# WHAT THE EXERCISE ASKS:
Write out the whole listing exactly.

# THE DATA:
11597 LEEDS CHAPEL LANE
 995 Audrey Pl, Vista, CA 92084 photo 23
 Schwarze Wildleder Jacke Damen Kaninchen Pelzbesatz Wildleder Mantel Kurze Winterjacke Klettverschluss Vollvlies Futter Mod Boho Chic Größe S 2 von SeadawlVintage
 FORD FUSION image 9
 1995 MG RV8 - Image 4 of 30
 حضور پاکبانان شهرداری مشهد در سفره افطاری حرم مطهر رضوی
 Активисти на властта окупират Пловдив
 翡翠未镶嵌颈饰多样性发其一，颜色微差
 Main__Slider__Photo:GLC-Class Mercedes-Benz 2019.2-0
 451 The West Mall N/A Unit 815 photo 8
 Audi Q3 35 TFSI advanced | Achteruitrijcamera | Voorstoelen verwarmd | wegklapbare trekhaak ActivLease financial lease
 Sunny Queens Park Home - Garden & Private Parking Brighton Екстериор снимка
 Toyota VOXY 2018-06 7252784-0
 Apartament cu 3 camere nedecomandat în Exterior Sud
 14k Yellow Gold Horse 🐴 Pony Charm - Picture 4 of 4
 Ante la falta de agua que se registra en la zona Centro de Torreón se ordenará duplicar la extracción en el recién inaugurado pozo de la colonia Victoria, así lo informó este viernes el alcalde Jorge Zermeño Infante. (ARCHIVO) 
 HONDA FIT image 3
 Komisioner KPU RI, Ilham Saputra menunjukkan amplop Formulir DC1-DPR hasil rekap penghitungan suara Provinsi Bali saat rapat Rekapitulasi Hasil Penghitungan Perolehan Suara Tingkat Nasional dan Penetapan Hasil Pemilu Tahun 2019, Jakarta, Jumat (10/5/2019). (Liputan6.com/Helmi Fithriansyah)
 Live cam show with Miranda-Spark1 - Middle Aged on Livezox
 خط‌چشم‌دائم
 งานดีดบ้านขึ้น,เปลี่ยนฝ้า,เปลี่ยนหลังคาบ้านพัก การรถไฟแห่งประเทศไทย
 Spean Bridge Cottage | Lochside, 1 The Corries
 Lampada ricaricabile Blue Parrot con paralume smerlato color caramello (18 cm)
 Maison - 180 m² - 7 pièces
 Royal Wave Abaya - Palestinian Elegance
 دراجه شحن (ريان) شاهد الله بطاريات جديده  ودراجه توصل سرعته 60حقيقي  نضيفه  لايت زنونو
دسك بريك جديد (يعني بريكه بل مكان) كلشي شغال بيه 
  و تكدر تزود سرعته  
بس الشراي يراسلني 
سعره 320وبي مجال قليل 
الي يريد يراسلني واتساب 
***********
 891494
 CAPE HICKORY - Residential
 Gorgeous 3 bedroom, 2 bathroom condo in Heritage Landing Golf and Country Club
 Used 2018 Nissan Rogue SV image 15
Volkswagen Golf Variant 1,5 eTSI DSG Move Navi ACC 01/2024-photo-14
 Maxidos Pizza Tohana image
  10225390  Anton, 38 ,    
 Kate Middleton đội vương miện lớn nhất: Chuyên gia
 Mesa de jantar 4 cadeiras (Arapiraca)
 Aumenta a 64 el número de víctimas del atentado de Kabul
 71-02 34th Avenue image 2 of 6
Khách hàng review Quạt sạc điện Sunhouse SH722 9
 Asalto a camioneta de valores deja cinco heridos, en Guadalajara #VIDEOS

# OUTPUT FOR THIS EXERCISE:
11597 LEEDS CHAPEL LANE
 995 Audrey Pl, Vista, CA 92084 photo 23
 Schwarze Wildleder Jacke Damen Kaninchen Pelzbesatz Wildleder Mantel Kurze Winterjacke Klettverschluss Vollvlies Futter Mod Boho Chic Größe S 2 von SeadawlVintage
 FORD FUSION image 9
 1995 MG RV8 - Image 4 of 30
 حضور پاکبانان شهرداری مشهد در سفره افطاری حرم مطهر رضوی
 Активисти на властта окупират Пловдив
 翡翠未镶嵌颈饰多样性发其一，颜色微差
 Main__Slider__Photo:GLC-Class Mercedes-Benz 2019.2-0
 451 The West Mall N/A Unit 815 photo 8
 Audi Q3 35 TFSI advanced | Achteruitrijcamera | Voorstoelen verwarmd | wegklapbare trekhaak ActivLease financial lease
 Sunny Queens Park Home - Garden & Private Parking Brighton Екстериор снимка
 Toyota VOXY 2018-06 7252784-0
 Apartament cu 3 camere nedecomandat în Exterior Sud
 14k Yellow Gold Horse 🐴 Pony Charm - Picture 4 of 4
 Ante la falta de agua que se registra en la zona Centro de Torreón se ordenará duplicar la extracción en el recién inaugurado pozo de la colonia Victoria, así lo informó este viernes el alcalde Jorge Zermeño Infante. (ARCHIVO) 
 HONDA FIT image 3
 Komisioner KPU RI, Ilham Saputra menunjukkan amplop Formulir DC1-DPR hasil rekap penghitungan suara Provinsi Bali saat rapat Rekapitulasi Hasil Penghitungan Perolehan Suara Tingkat Nasional dan Penetapan Hasil Pemilu Tahun 2019, Jakarta, Jumat (10/5/2019). (Liputan6.com/Helmi Fithriansyah)
 Live cam show with Miranda-Spark1 - Middle Aged on Livezox
 خط‌چشم‌دائم
 งานดีดบ้านขึ้น,เปลี่ยนฝ้า,เปลี่ยนหลังคาบ้านพัก การรถไฟแห่งประเทศไทย
 Spean Bridge Cottage | Lochside, 1 The Corries
 Lampada ricaricabile Blue Parrot con paralume smerlato color caramello (18 cm)
 Maison - 180 m² - 7 pièces
 Royal Wave Abaya - Palestinian Elegance
 دراجه شحن (ريان) شاهد الله بطاريات جديده  ودراجه توصل سرعته 60حقيقي  نضيفه  لايت زنونو
دسك بريك جديد (يعني بريكه بل مكان) كلشي شغال بيه 
  و تكدر تزود سرعته  
بس الشراي يراسلني 
سعره 320وبي مجال قليل 
الي يريد يراسلني واتساب 
***********
 891494
 CAPE HICKORY - Residential
 Gorgeous 3 bedroom, 2 bathroom condo in Heritage Landing Golf and Country Club
 Used 2018 Nissan Rogue SV image 15
Volkswagen Golf Variant 1,5 eTSI DSG Move Navi ACC 01/2024-photo-14
 Maxidos Pizza Tohana image
  10225390  Anton, 38 ,    
 Kate Middleton đội vương miện lớn nhất: Chuyên gia
 Mesa de jantar 4 cadeiras (Arapiraca)
 Aumenta a 64 el número de víctimas del atentado de Kabul
 71-02 34th Avenue image 2 of 6
Khách hàng review Quạt sạc điện Sunhouse SH722 9
 Asalto a camioneta de valores deja cinco heridos, en Guadalajara #VIDEOS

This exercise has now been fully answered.